Related CE Articles:

The Top 6 Reasons Why Parents Are Choosing Not To Vaccinate Their Children.

Neuroscientist Makes It Clear Why Aluminum Should Not Be Put Into Vaccines

MIT Scientist Shows What Can Happen To Children Who Receive Aluminum Containing Vaccines

Dr. Suzanne Humphries Has A Lot To Say About Aluminum In Vaccines

Mercury

Robert F. Kennedy Jr., Chairman of the World Mercury Project (WMP), announced a $100,000 challenge today aimed at putting an end to including mercury, a neurotoxin that is 100 times more poisonous than lead, in vaccines administered in the U.S and globally.

It’s offered to anybody, including journalists and scientists, who can provide a study showing that it is safe to inject mercury into babies. This will be difficult, as hundreds of studies (that were also present at the press conference in print form) suggest that it isn’t safe at all, and can significantly increase the risk of developing neurodegenerative disorders.

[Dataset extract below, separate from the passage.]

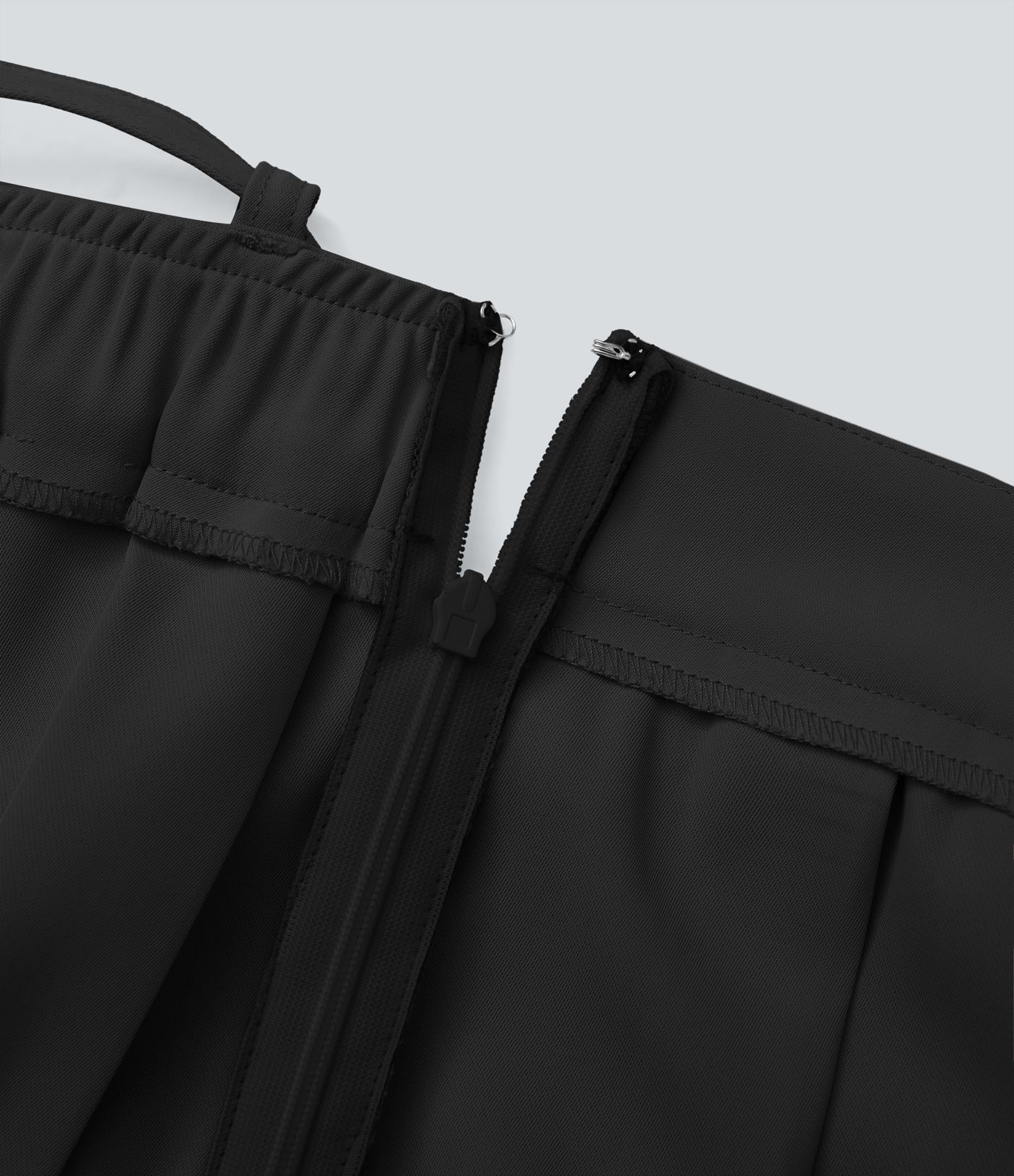 Mid Rise Belted Asymmetric Pleated Mini Casual Skirt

Robert De Niro and numerous other people support the World Mercury Project, many of which made a historical appearance at the National Press Club today bringing attention to an issue that more people are becoming aware of every single year. For nearly 100 years, appropriate safety assessments (toxicity studies) have not been conducted for the administration of vaccines containing mercury as an adjuvant, yet we continue to give them to the general public. Government health authorities have been putting mercury (and aluminum) in vaccines based solely on the assumption that it is safe to do so.

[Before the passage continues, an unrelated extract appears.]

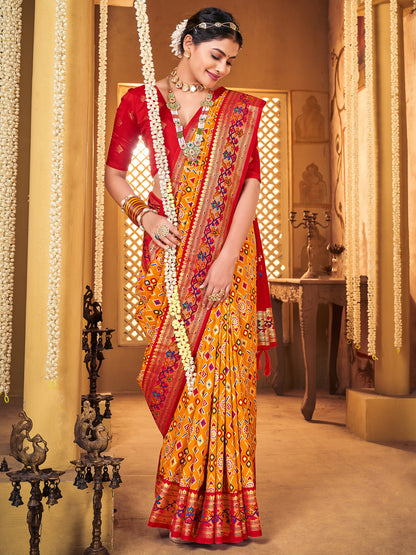 Women's Silk Blend Mustard Woven Design Designer Saree With Blouse Piece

You can view the full press conference on the World Mercury Project Facebook Page.

Since vaccines have been perceived as non-toxic substances for decades, the Food and Drug Administration (FDA) has not attempted to prove the safety of this particular vaccine ingredient. Considering billions of dollars have been paid to families of children injured by vaccinations, it’s fair to say that this is an alarming state of affairs, so it’s about time that this press conference was held. (source)

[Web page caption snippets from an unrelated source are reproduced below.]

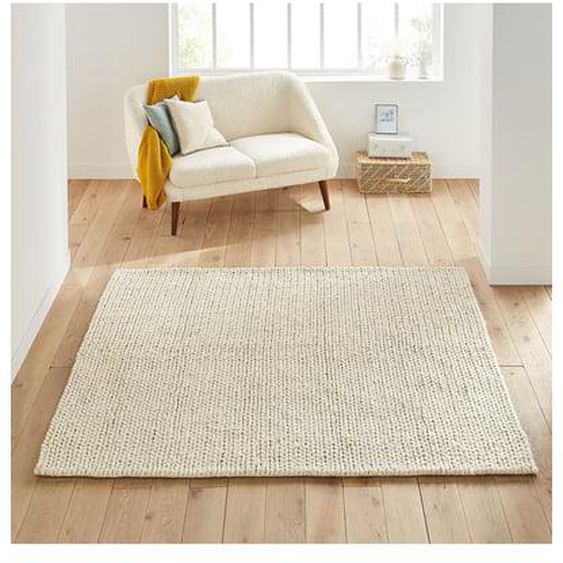 Tapis laine effet tricot forme carrée, Diano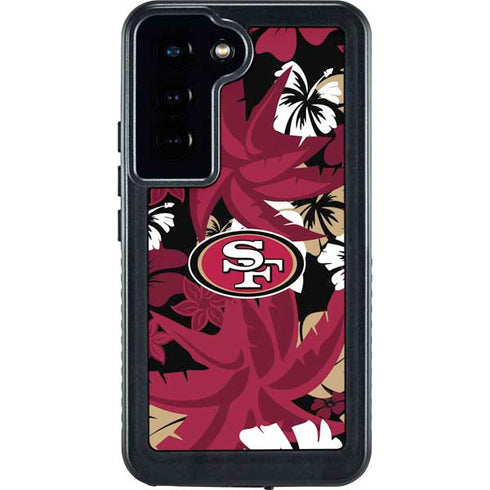 NFL San Francisco 49ers Tropical Print Galaxy S23 Waterproof Case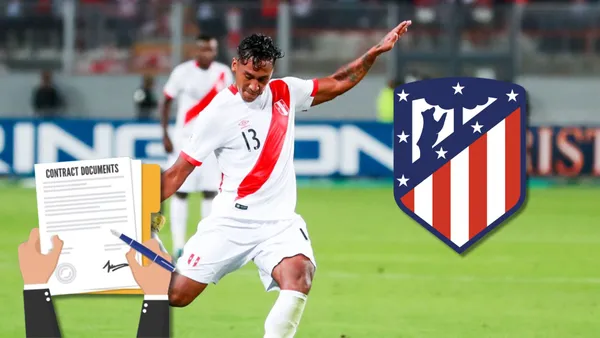 Renato Tapia vistiendo la camiseta bicolor en un partido de Eliminatoria Sudamericana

Here is a quote from Dr. Jose G. Dores, a professor at the University of Brasilia’s Department of Nutritional Sciences who recently published a study in the International Journal of Environmental Research and Public Health. In the study, he offers the following observation: “Despite their long use as active agents of medicines and fungicides, the safety levels of these substances have never been determined, either for animals or for adult humans—much less for fetuses, newborns, infants, and children.”  (source)

A fairly recent Meta-Analysis published in the Journal Bio Med Research International found that:

 “The studies upon which the CDC relies and over which it exerted some level of control report that there is no increased risk of autism from exposure to organic Hg in vaccines, and some of these studies even reported that exposure to Thimerosal appeared to decrease the risk of autism. These six studies are in sharp contrast to research conducted by independent researchers over the past 75+ years that have consistently found Thimerosal to be harmful. As mentioned in the Introduction section, many studies conducted by independent investigators have found Thimerosal to be associated with neurodevelopmental disorders. Considering that there are many studies conducted by independent researchers which show a relationship between Thimerosal and neurodevelopmental disorders, the results of the six studies examined in this review, particularly those showing the protective effects of Thimerosal, should bring into question the validity of the methodology used in the studies.” (source)

Not only was the science (all from PubMed) present at the conference, facts about scientific fraud and industry influence were also brought up.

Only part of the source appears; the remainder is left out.